Prior to Irma impacting Palm Beach County, locals were preparing for the storm, so that meant lost revenues for the area’s businesses, too.

In addition, tourism is down as facilities such as Marriott’s Ocean Pointe on Singer Island are not at full capacity. The 682-unit timeshare resort in Palm Beach Shores had about 300 oceanfront units suffer water damage, and those are undergoing repairs, an employee said.

Mark Pollio, owner of Blue Water Boat and Jet Ski Rentals, said business has been slow, and he normally receives some business from cruise passengers, and from locals and hotel guests as well.

“The biggest thing was that because of Hurricane Irma the week before people were getting prepared, and the week after, they were cleaning up,” Pollio said.

While the cruise line is paying its 600 or so direct employees through December, it isn’t covering people who were employed through temporary help agencies.

Pamela Jones, a Lake Worth resident who worked as a ticket agent at the cruise line’s terminal, said she and and at least 65 other temporary employees lost their jobs because the cruise ship left.

“It was without notice. We had only worked one day since the hurricane,” Jones said.

“I don’t think FEMA would have done this knowing it would put people out of work. I think FEMA is unaware that people have been affected by this on the land side,” Jones said.

Capt. Reid Hansen of the Palm Beach Harbor Pilots said the cruise ship is a large portion of the pilots’ business, and pointed out the Grand Celebration is the port’s only passenger ship.

“To the pilots and our business it is a huge blow to our livelihood.

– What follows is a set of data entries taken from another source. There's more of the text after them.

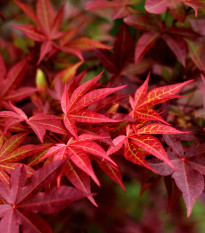 Javor japonský - Acer palmatum - prodej semen - 5 ks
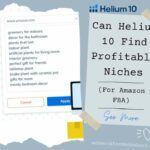 Can Helium 10 Find Profitable Niches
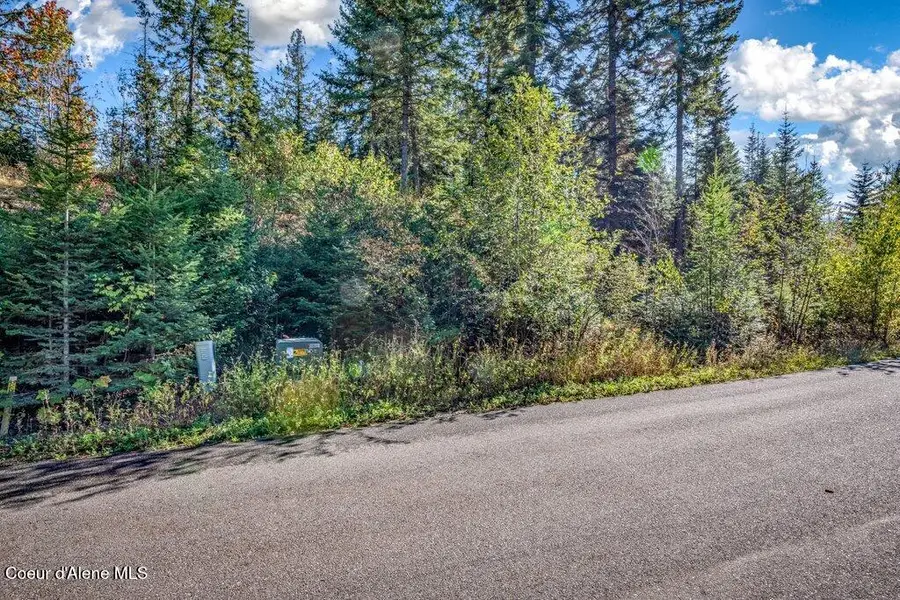 NNA C15 White Cloud Drive, Sandpoint, ID 83864 - #3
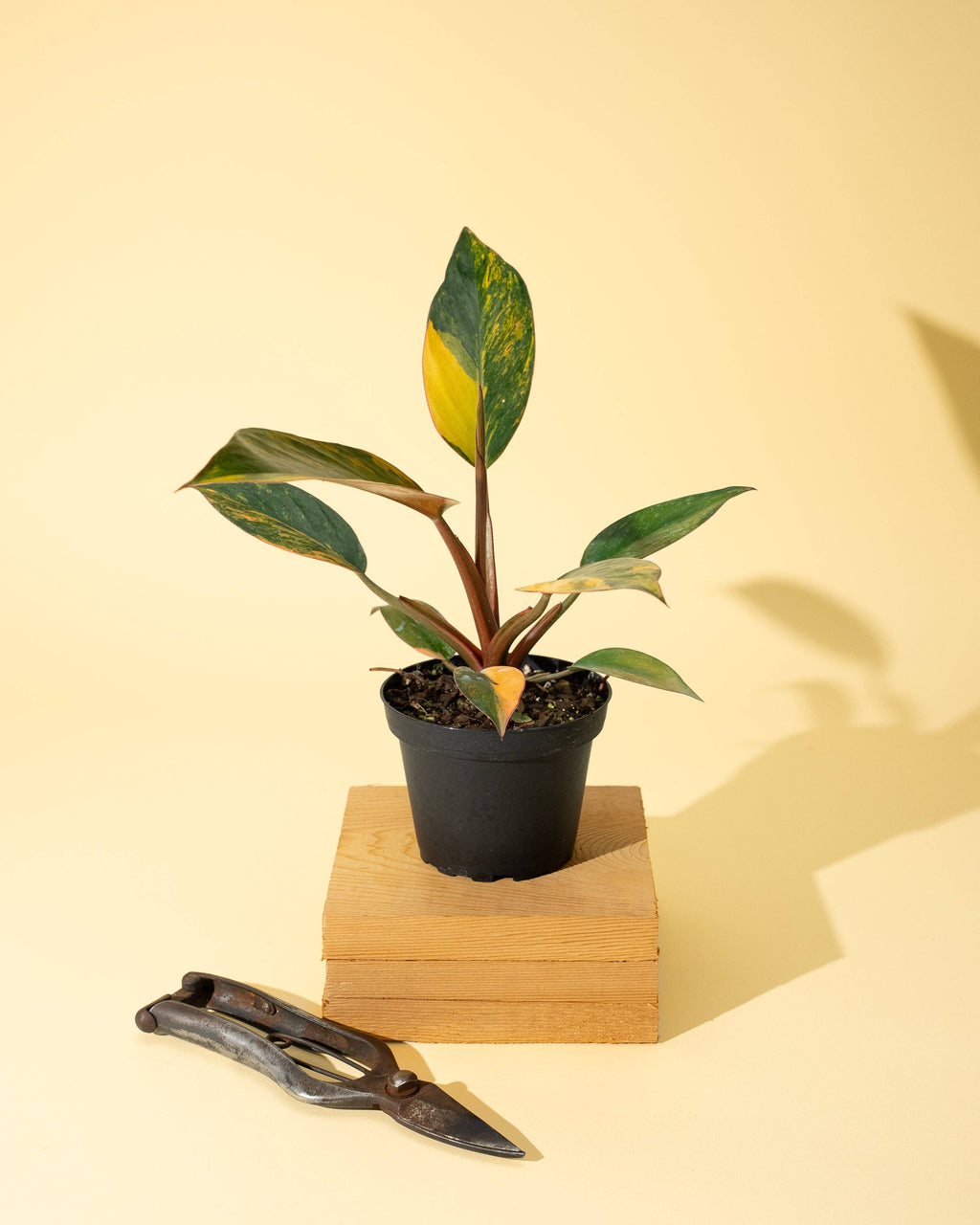 4" Variegated Philodendron Red Congo 'Red Hot'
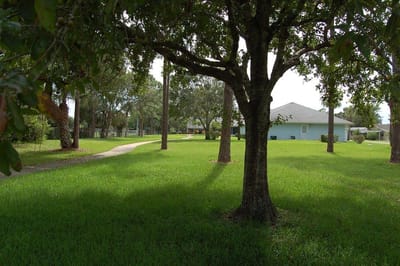 Outdoor view of green lawn with pathways and trees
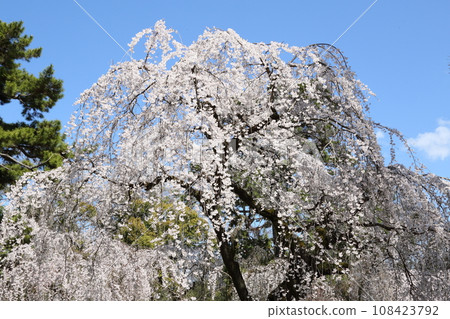 京都御苑的垂枝櫻花 京都御苑的垂枝櫻花 108423792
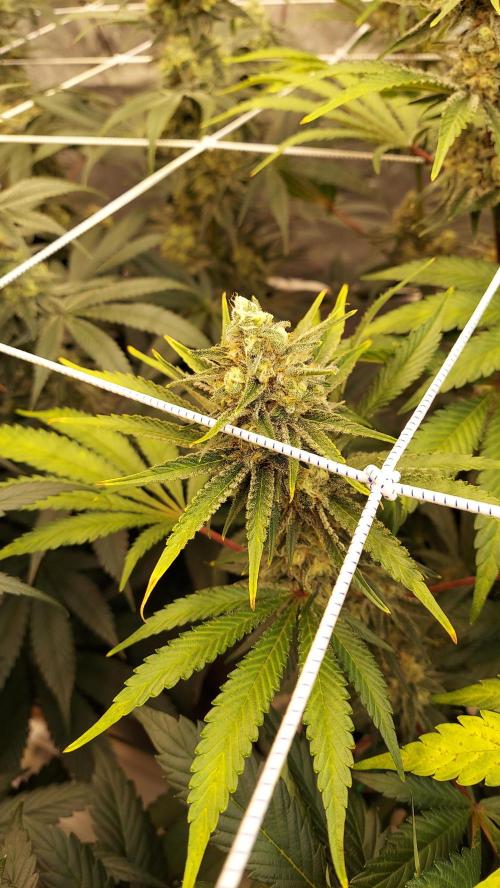 The Garden 2026-2 - MSNL Blue Cookies. Week 12 - BC2
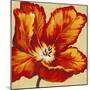 Parrot Tulip I-Tim O'toole-Mounted Art Print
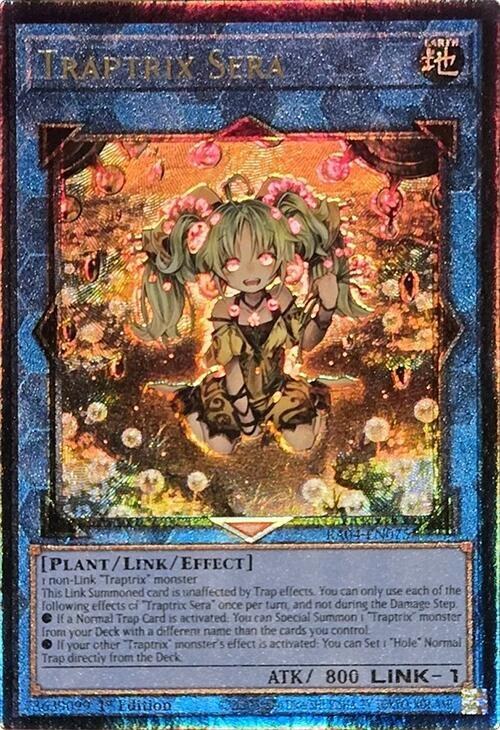 Traptrix Sera - Pur
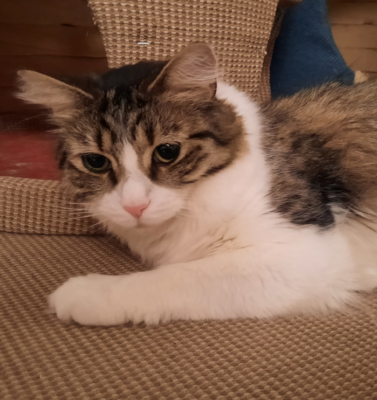 When to Suspect Your Pet’s Thyroid Medication Dose Needs Adjusting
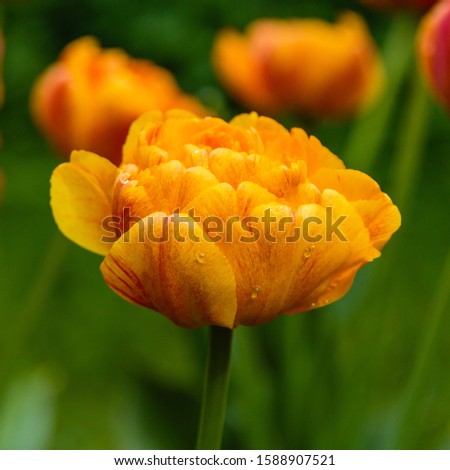 Similar – Image, Stock Photo Tulips red yellow orange purple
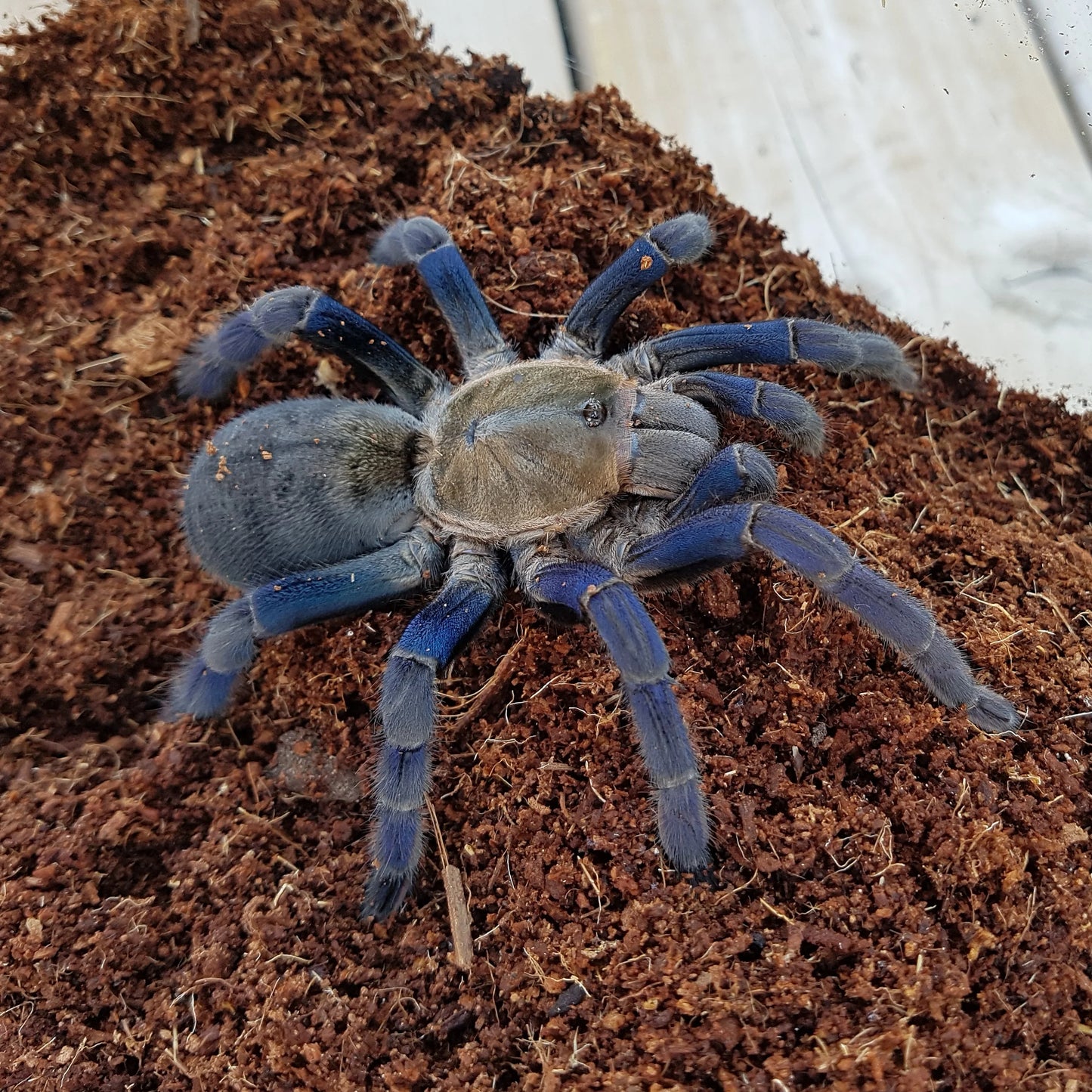 Cyriopagopus lividus 1/2fh - su ordinazione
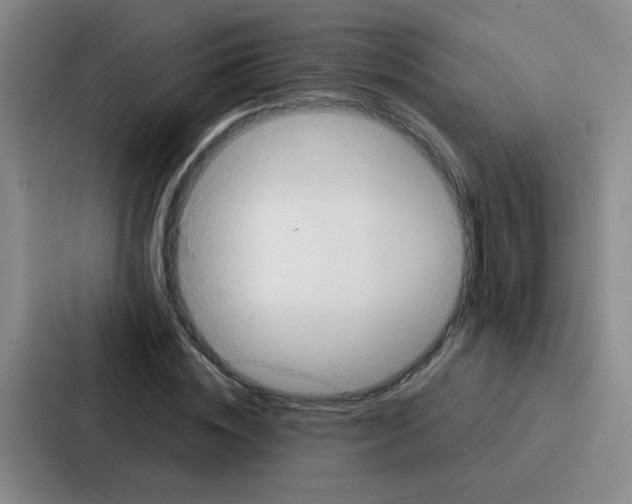 X0000086930828200705141740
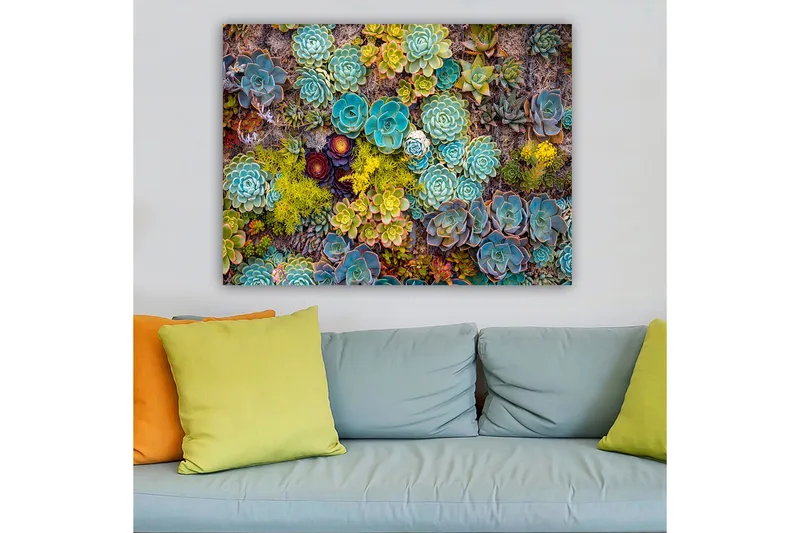 Canvastavla 70x100 cm - Färgstark samling av olika suckulenter i varierande former och nyanser - Turkos / Grön / Gul - Inredning - Tavlor & konst - Canvastavlor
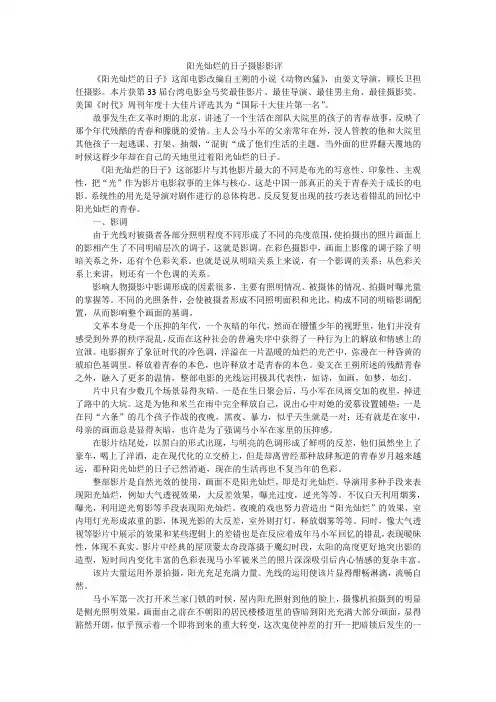 阳光灿烂的日子摄影影评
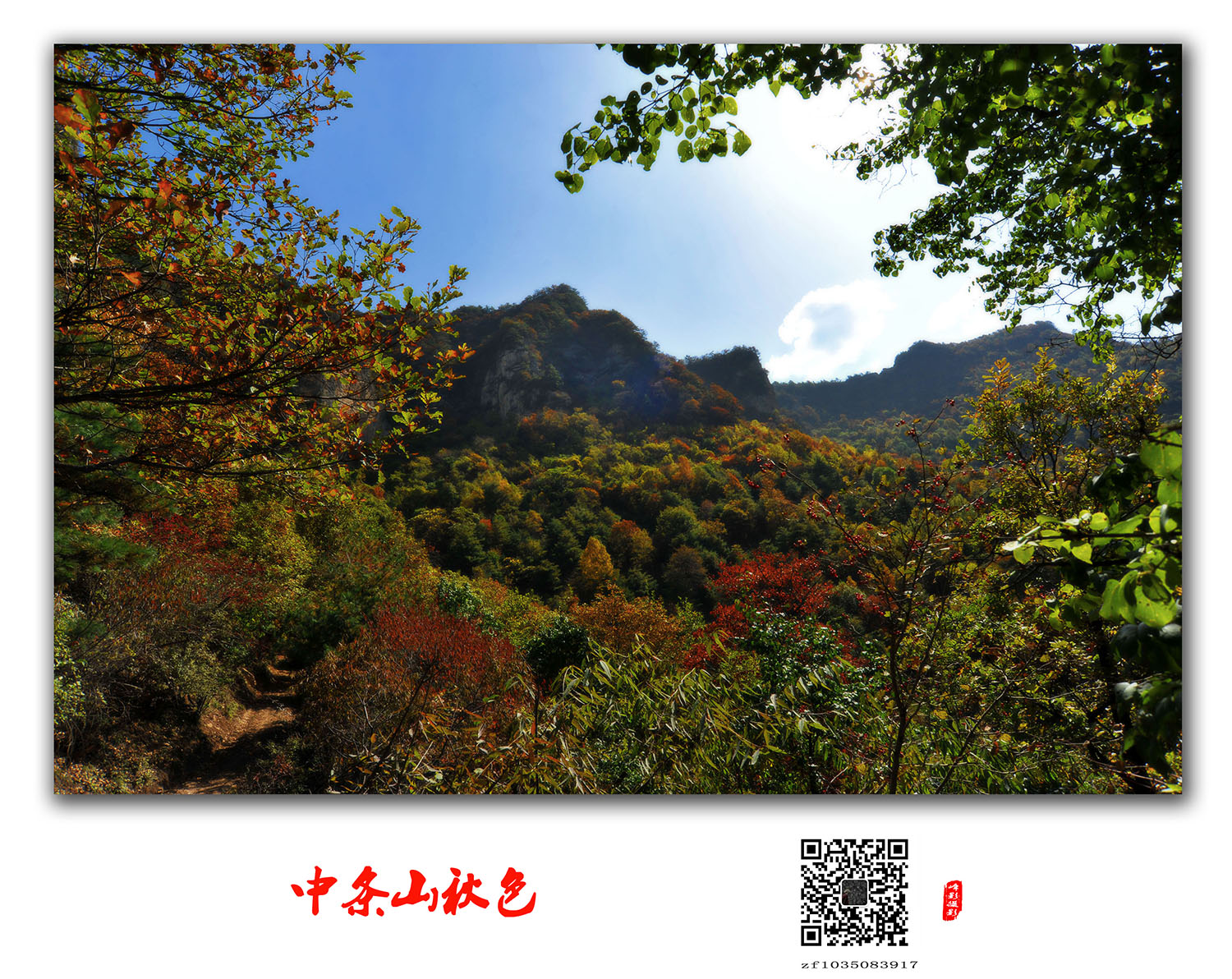 DSC_4910.JPG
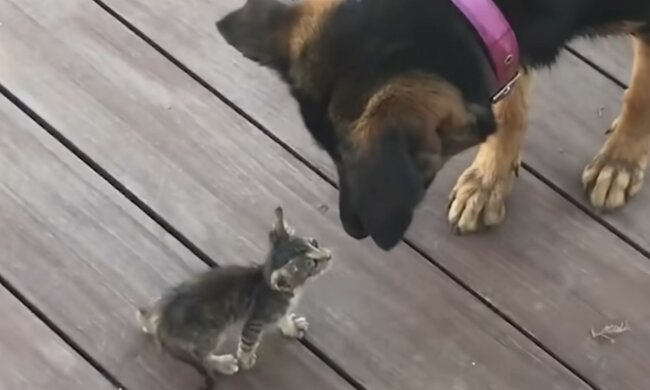 Ein rührendes Beispiel für gegenseitige Tierhilfe. Quelle: Screenshot YouTube
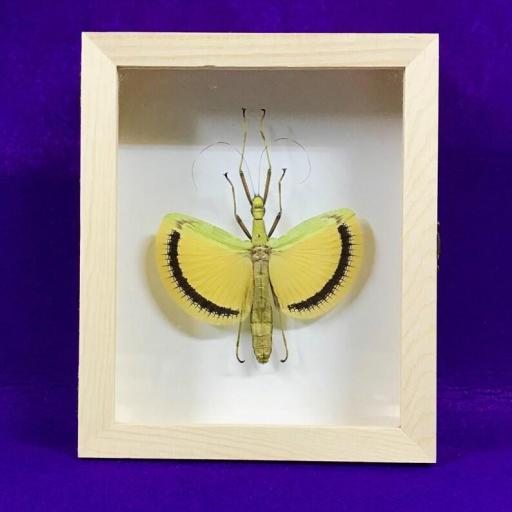 Tagesoidea nigrofasciata - Framed  - Taxidermy [0]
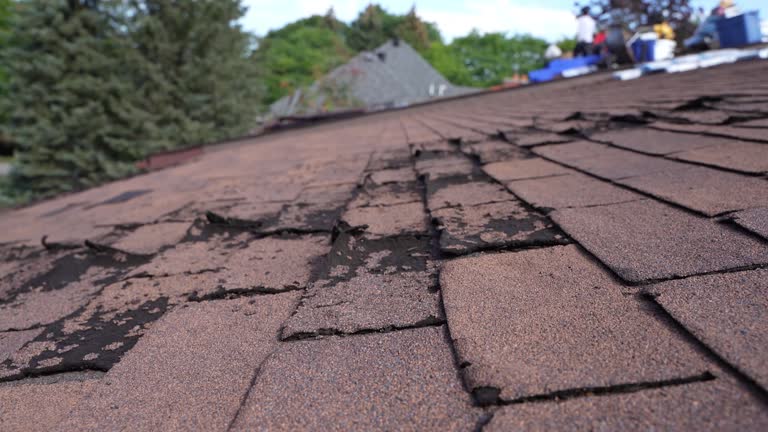 Best 4 Ply Roofing  in Fair Haven, NY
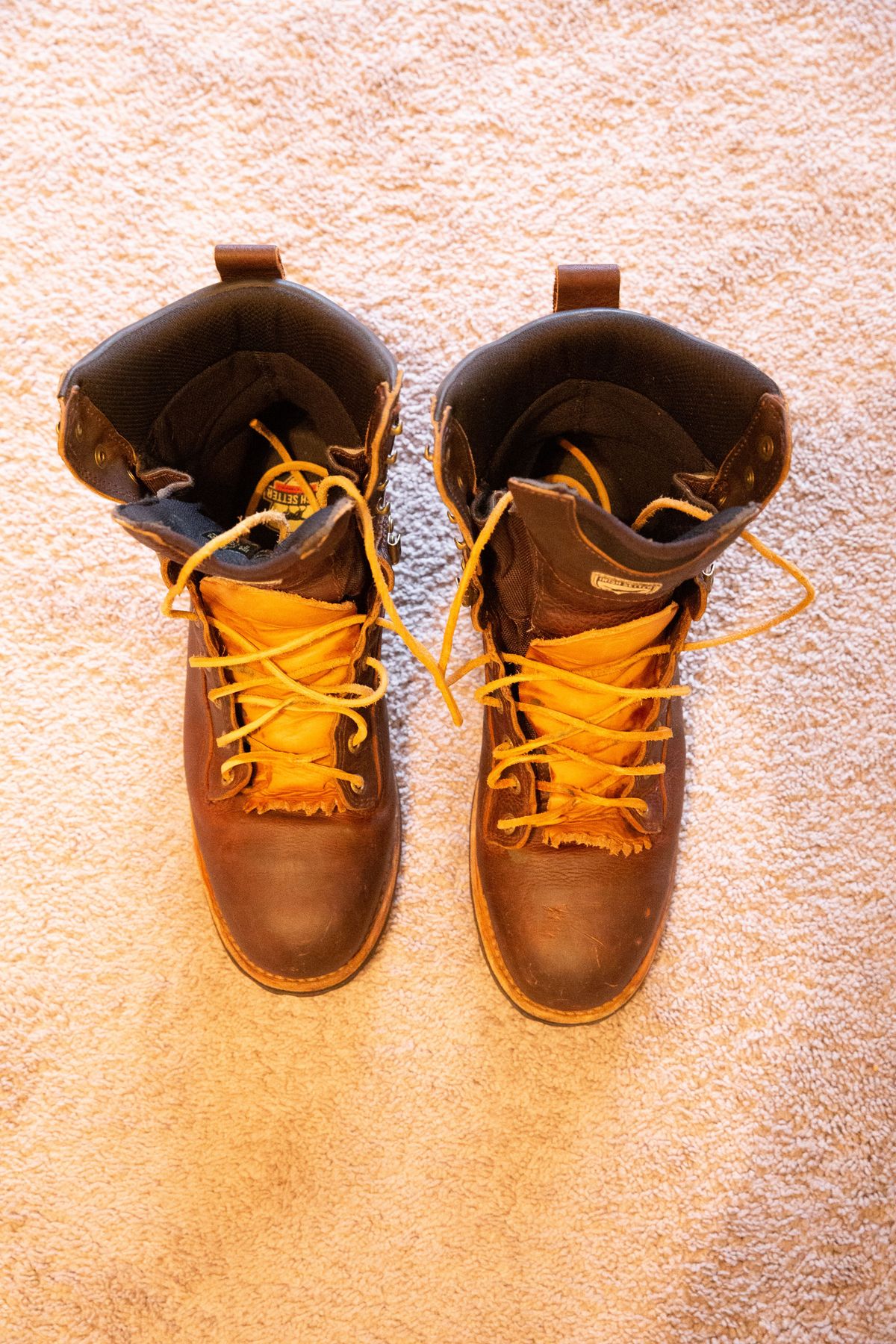 Photo by patinathunderdome on February 1, 2022 of the Irish Setter Mesabi in Brown Full Grain Waterproof.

It supposedly will be three months but it is scary to think that this will be FEMA’s go-to ship every time there is a storm,” Hansen said.

The Grand Celebration is the largest passenger ship ever based at the port.

Launched in January 2015, it replaced the Bahamas Celebration, which ran aground in Freeport on Halloween weekend in 2014. The 1,250-passenger Bahamas Celebration was sold for scrap metal. It had sailed from the port to Freeport since 2010 and carried about 350,000 passengers in its last year of operation.

In April, Bahamas Paradise Cruise line plans to add a second ship at the port.